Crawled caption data

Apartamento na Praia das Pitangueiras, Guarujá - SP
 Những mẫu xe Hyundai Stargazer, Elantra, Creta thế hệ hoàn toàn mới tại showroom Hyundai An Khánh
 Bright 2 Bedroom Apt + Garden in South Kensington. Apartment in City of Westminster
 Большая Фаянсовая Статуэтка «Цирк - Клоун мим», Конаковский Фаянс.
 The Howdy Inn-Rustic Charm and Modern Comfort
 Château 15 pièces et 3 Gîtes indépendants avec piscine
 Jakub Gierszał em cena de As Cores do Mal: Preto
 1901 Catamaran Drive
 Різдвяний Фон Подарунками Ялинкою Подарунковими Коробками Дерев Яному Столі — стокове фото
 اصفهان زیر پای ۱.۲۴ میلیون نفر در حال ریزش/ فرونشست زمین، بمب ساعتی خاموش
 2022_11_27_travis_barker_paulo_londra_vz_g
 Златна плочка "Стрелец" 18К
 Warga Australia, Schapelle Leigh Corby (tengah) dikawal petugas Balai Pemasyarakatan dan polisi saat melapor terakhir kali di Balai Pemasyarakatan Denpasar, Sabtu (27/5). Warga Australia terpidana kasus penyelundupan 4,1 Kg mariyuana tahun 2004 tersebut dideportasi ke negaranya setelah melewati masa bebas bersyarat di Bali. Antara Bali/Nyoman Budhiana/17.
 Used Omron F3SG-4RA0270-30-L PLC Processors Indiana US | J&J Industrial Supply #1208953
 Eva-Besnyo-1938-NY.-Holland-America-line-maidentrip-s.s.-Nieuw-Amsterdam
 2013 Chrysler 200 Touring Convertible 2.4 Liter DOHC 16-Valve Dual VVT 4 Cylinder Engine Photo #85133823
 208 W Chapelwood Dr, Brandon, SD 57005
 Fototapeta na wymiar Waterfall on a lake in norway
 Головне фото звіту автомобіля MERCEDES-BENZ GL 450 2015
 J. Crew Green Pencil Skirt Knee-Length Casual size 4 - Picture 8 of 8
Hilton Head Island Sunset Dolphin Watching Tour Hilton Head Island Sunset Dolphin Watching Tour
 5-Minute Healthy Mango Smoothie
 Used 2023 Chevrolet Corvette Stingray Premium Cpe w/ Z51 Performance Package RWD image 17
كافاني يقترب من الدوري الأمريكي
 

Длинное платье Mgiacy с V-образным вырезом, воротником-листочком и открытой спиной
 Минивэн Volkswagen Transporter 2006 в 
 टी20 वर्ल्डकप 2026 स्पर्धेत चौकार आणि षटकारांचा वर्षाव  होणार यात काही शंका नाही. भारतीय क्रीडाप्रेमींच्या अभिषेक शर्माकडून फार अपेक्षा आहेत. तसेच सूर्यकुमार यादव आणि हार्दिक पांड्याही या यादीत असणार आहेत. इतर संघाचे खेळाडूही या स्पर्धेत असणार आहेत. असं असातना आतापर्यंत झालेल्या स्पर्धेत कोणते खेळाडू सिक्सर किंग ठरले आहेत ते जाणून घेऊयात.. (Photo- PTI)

(Exercise objective) Make an exact copy of the data above.

(Reply)
Apartamento na Praia das Pitangueiras, Guarujá - SP
 Những mẫu xe Hyundai Stargazer, Elantra, Creta thế hệ hoàn toàn mới tại showroom Hyundai An Khánh
 Bright 2 Bedroom Apt + Garden in South Kensington. Apartment in City of Westminster
 Большая Фаянсовая Статуэтка «Цирк - Клоун мим», Конаковский Фаянс.
 The Howdy Inn-Rustic Charm and Modern Comfort
 Château 15 pièces et 3 Gîtes indépendants avec piscine
 Jakub Gierszał em cena de As Cores do Mal: Preto
 1901 Catamaran Drive
 Різдвяний Фон Подарунками Ялинкою Подарунковими Коробками Дерев Яному Столі — стокове фото
 اصفهان زیر پای ۱.۲۴ میلیون نفر در حال ریزش/ فرونشست زمین، بمب ساعتی خاموش
 2022_11_27_travis_barker_paulo_londra_vz_g
 Златна плочка "Стрелец" 18К
 Warga Australia, Schapelle Leigh Corby (tengah) dikawal petugas Balai Pemasyarakatan dan polisi saat melapor terakhir kali di Balai Pemasyarakatan Denpasar, Sabtu (27/5). Warga Australia terpidana kasus penyelundupan 4,1 Kg mariyuana tahun 2004 tersebut dideportasi ke negaranya setelah melewati masa bebas bersyarat di Bali. Antara Bali/Nyoman Budhiana/17.
 Used Omron F3SG-4RA0270-30-L PLC Processors Indiana US | J&J Industrial Supply #1208953
 Eva-Besnyo-1938-NY.-Holland-America-line-maidentrip-s.s.-Nieuw-Amsterdam
 2013 Chrysler 200 Touring Convertible 2.4 Liter DOHC 16-Valve Dual VVT 4 Cylinder Engine Photo #85133823
 208 W Chapelwood Dr, Brandon, SD 57005
 Fototapeta na wymiar Waterfall on a lake in norway
 Головне фото звіту автомобіля MERCEDES-BENZ GL 450 2015
 J. Crew Green Pencil Skirt Knee-Length Casual size 4 - Picture 8 of 8
Hilton Head Island Sunset Dolphin Watching Tour Hilton Head Island Sunset Dolphin Watching Tour
 5-Minute Healthy Mango Smoothie
 Used 2023 Chevrolet Corvette Stingray Premium Cpe w/ Z51 Performance Package RWD image 17
كافاني يقترب من الدوري الأمريكي
 

Длинное платье Mgiacy с V-образным вырезом, воротником-листочком и открытой спиной
 Минивэн Volkswagen Transporter 2006 в 
 टी20 वर्ल्डकप 2026 स्पर्धेत चौकार आणि षटकारांचा वर्षाव  होणार यात काही शंका नाही. भारतीय क्रीडाप्रेमींच्या अभिषेक शर्माकडून फार अपेक्षा आहेत. तसेच सूर्यकुमार यादव आणि हार्दिक पांड्याही या यादीत असणार आहेत. इतर संघाचे खेळाडूही या स्पर्धेत असणार आहेत. असं असातना आतापर्यंत झालेल्या स्पर्धेत कोणते खेळाडू सिक्सर किंग ठरले आहेत ते जाणून घेऊयात.. (Photo- PTI)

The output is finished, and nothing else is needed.